Field Level Encryption

  • Enterprise
    +
    This is an Enterprise Edition feature.
    Community Edition
    • The push replicator will detect encryptable values inside a document. It will fail to replicate unencrypted encryptable values with a crypto error.

    • The pull replicator will not detect encryptable values inside pulled documents. The document will be saved as it was received. This may include Server SDK encrypted fields

    Overview

    Couchbase Lite for C 3.0.0 supports client-side, field-Level encryption on replications, allowing applications to encrypt/decrypt sensitive fields in documents using an encryption framework of choice.

    Using the new client-side encryption capability, Couchbase Lite C applications can designate selected fields for encryption and have the client automatically handle the encryption and-or decryption at property level during the replication.

    Only clients with access to the correct encryption keys can decrypt and read the protected data.

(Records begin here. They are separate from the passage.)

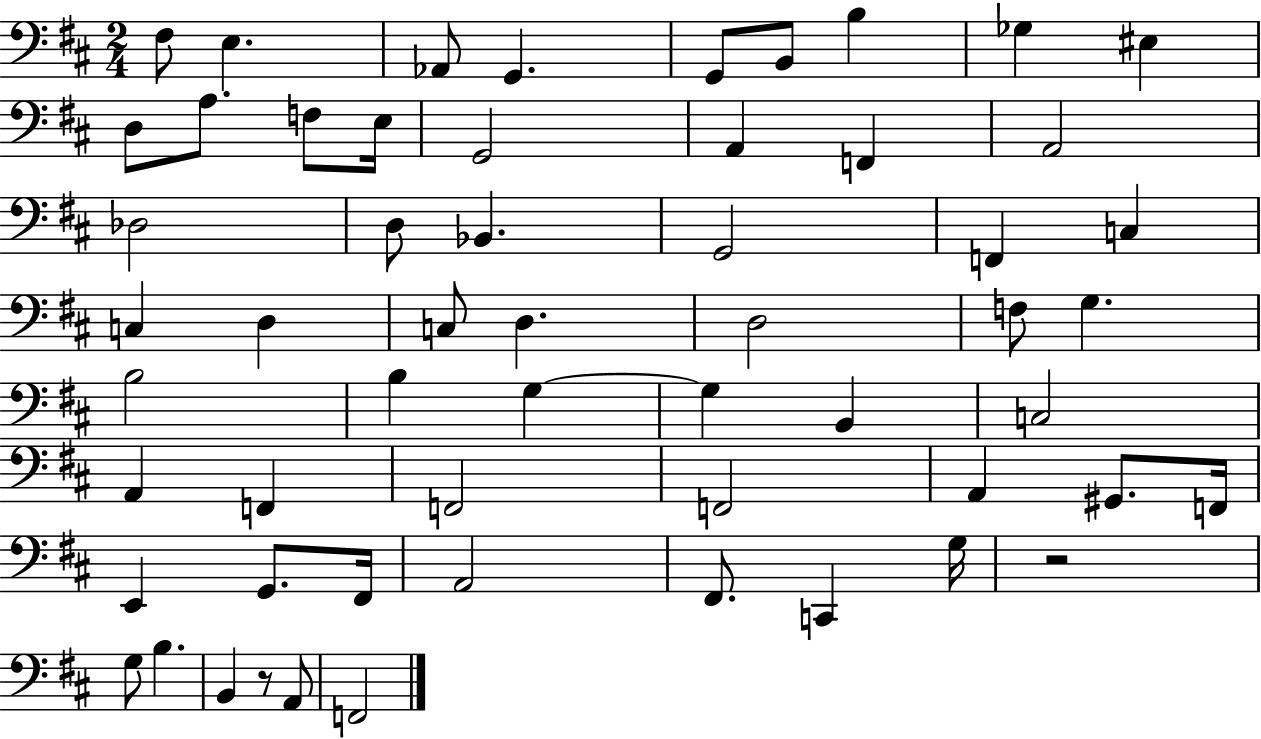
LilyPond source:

{
  \clef bass
  \numericTimeSignature
  \time 2/4
  \key d \major
  fis8 e4. | aes,8 g,4. | g,8 b,8 b4 | ges4 eis4 | \break d8 a8. f8 e16 | g,2 | a,4 f,4 | a,2 | \break des2 | d8 bes,4. | g,2 | f,4 c4 | \break c4 d4 | c8 d4. | d2 | f8 g4. | \break b2 | b4 g4~~ | g4 b,4 | c2 | \break a,4 f,4 | f,2 | f,2 | a,4 gis,8. f,16 | \break e,4 g,8. fis,16 | a,2 | fis,8. c,4 g16 | r2 | \break g8 b4. | b,4 r8 a,8 | f,2 | \bar "|."
}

    The client-side encryption is compatible with the Couchbase server SDK field-level encryption format — see, for example, https://docs.couchbase.com/python-sdk/current/concept-docs/encryption.html#format

    Encryptable Type

    The API includes a CBLEncryptable type, representing an encryptable value to be automatically encrypted/decrypted the replicator — see Example 1.

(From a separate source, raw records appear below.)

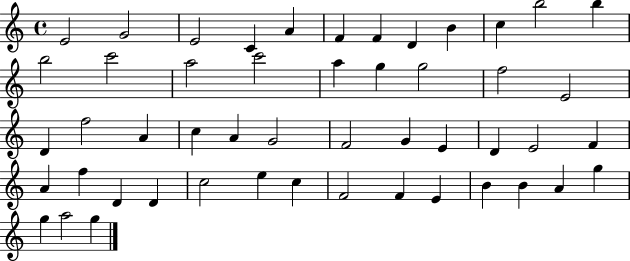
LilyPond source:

{
  \clef treble
  \time 4/4
  \defaultTimeSignature
  \key c \major
  e'2 g'2 | e'2 c'4 a'4 | f'4 f'4 d'4 b'4 | c''4 b''2 b''4 | \break b''2 c'''2 | a''2 c'''2 | a''4 g''4 g''2 | f''2 e'2 | \break d'4 f''2 a'4 | c''4 a'4 g'2 | f'2 g'4 e'4 | d'4 e'2 f'4 | \break a'4 f''4 d'4 d'4 | c''2 e''4 c''4 | f'2 f'4 e'4 | b'4 b'4 a'4 g''4 | \break g''4 a''2 g''4 | \bar "|."
}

    You declare properties requiring encryption by the replicator, as a dictionary with the structure shown in Example 1.

    Example 1. Encryptable-type Dictionary Structure
    {
      "@type": "encryptable",
      “value” : <Decrypted Value>
    } (1)
    
    {
      "@type": "encryptable",
      “ciphertext”: <Encrypted Value in BASE64 String>
    } (2)

    The key for the value can be either of the following:

    1 Use value as the key when storing a decrypted value, which can be any type (string, number, boolean, dictionary, array or null).
    2 Use cyphertext as the key when storing a encrypted value, which must be a BASE-64 String.

    Replicator Decryption

    Pull replication detects encryptable values before saving them to the local database and decrypts them using the property decryption callback function — see: Decryption for more on the decryption callback function.

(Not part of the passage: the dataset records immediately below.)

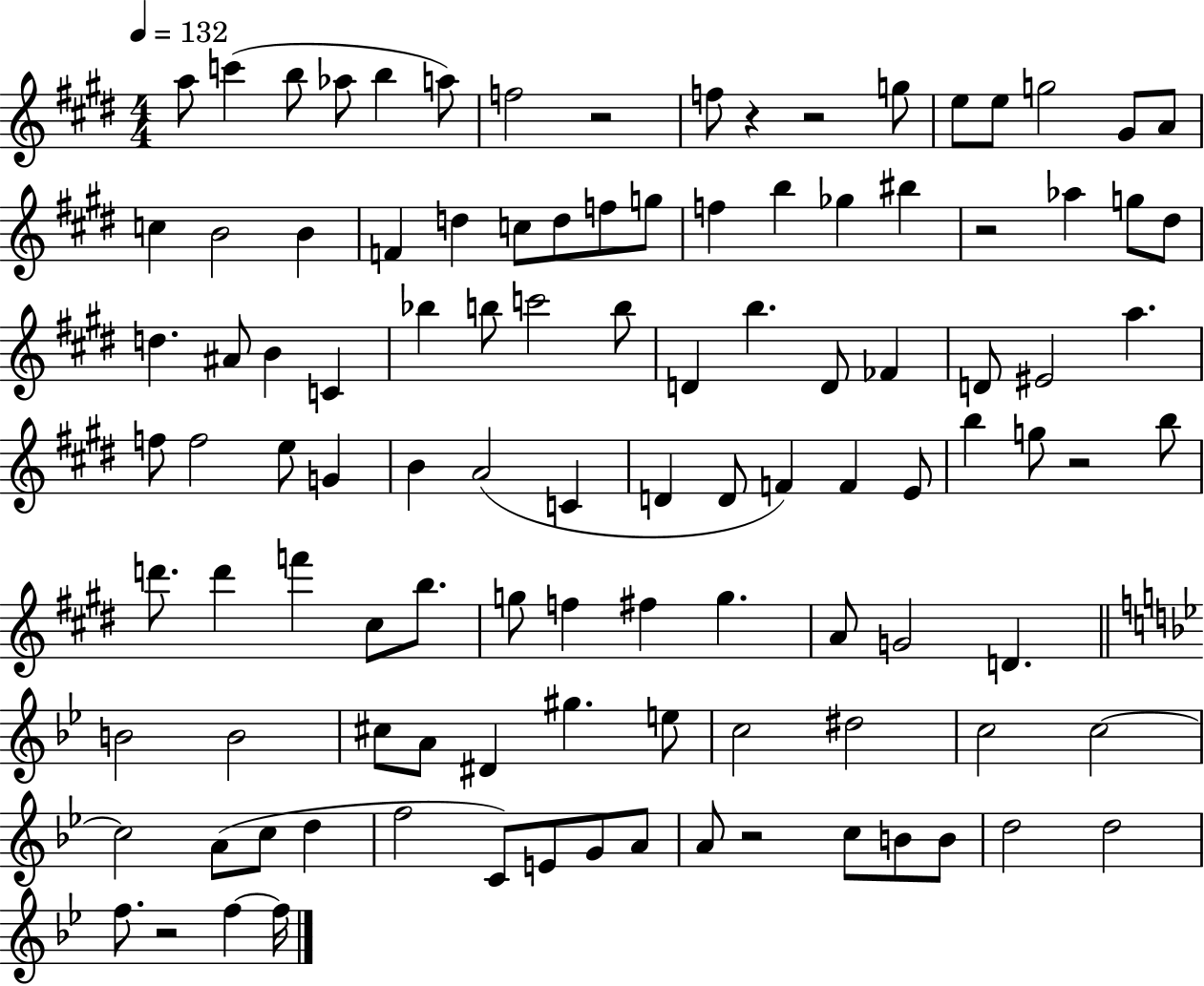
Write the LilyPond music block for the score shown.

{
  \clef treble
  \numericTimeSignature
  \time 4/4
  \key e \major
  \tempo 4 = 132
  a''8 c'''4( b''8 aes''8 b''4 a''8) | f''2 r2 | f''8 r4 r2 g''8 | e''8 e''8 g''2 gis'8 a'8 | \break c''4 b'2 b'4 | f'4 d''4 c''8 d''8 f''8 g''8 | f''4 b''4 ges''4 bis''4 | r2 aes''4 g''8 dis''8 | \break d''4. ais'8 b'4 c'4 | bes''4 b''8 c'''2 b''8 | d'4 b''4. d'8 fes'4 | d'8 eis'2 a''4. | \break f''8 f''2 e''8 g'4 | b'4 a'2( c'4 | d'4 d'8 f'4) f'4 e'8 | b''4 g''8 r2 b''8 | \break d'''8. d'''4 f'''4 cis''8 b''8. | g''8 f''4 fis''4 g''4. | a'8 g'2 d'4. | \bar "||" \break \key g \minor b'2 b'2 | cis''8 a'8 dis'4 gis''4. e''8 | c''2 dis''2 | c''2 c''2~~ | \break c''2 a'8( c''8 d''4 | f''2 c'8) e'8 g'8 a'8 | a'8 r2 c''8 b'8 b'8 | d''2 d''2 | \break f''8. r2 f''4~~ f''16 | \bar "|."
}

    On successful decryption the replicator saves the property in encryptable dictionary format (removing the encrypted$ prefix) — see: Example 1.

    Replicator Encryption

    Push replication detects encryptable values before pushing them to the remote database and encrypts them using the property encryption callback function — see: Encryption.

    On successful encryption the replicator transforms the property into a format compatible with Couchbase Server SDK — see: Example 3.

    Server SDK compatibility

    Couchbase Lite’s replicator ensures compatibility with Server SDK’s field level. Both Push and Pull replication transform Couchbase Lite’s encryptable dictionary to-and-from Server SDK Encrypted Field dictionary structure — see: Example 3.

    Push replicator
    • Adds the prefix encrypted$ to the key.

    • Sets the SDK'` alg either to a user-specified algorithm name or the default CB_MOBILE_CUSTOM.

    • Set the value’s key as ciphertext

    • Stores the encrypted value as a BASE64 string.

      Example 2. Stored Encryptable
      {
          “alg”: <User-Specified or CB_MOBILE_CUSTOM>,
          “ciphertext” : <Encrypted Value in BASE64 String>
      }
    Pull replicator
    • Detects encrypted encryptable values by looking for dictionary keys prefixed with “encrypted$”.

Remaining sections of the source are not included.